### PROBLEM REQUIREMENTS:
Copy every line from the records that holds the word "Manual".

[Extracted data entries]

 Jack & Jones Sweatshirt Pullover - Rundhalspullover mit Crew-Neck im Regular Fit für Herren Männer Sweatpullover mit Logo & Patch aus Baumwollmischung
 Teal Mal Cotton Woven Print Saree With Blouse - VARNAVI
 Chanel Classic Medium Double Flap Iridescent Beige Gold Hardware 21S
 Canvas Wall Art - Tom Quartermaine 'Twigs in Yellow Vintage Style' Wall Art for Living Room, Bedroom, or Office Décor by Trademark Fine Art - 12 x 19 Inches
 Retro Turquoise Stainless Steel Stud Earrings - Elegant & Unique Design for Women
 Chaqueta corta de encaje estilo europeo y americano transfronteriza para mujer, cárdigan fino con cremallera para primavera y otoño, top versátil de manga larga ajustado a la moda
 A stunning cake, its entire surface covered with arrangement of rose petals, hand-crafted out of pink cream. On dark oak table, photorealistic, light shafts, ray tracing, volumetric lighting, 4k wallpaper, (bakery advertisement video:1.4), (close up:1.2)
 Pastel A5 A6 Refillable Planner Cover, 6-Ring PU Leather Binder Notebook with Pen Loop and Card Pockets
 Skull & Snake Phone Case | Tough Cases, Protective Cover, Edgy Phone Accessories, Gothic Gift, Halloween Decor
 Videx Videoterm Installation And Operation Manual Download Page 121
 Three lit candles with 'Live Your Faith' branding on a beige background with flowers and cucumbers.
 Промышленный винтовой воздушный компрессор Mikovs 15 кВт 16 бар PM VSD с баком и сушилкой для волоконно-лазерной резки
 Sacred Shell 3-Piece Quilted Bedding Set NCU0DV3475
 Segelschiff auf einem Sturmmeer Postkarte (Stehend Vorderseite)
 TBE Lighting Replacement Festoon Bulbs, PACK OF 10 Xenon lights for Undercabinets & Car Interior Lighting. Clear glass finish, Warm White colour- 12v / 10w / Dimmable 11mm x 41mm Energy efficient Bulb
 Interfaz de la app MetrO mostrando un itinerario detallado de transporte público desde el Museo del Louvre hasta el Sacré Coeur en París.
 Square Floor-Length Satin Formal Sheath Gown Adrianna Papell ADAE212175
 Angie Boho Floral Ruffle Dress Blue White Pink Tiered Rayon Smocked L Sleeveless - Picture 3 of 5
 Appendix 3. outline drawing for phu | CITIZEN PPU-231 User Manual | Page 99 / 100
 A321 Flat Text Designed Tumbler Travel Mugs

### EXPECTED ANSWER:
 Videx Videoterm Installation And Operation Manual Download Page 121
 Appendix 3. outline drawing for phu | CITIZEN PPU-231 User Manual | Page 99 / 100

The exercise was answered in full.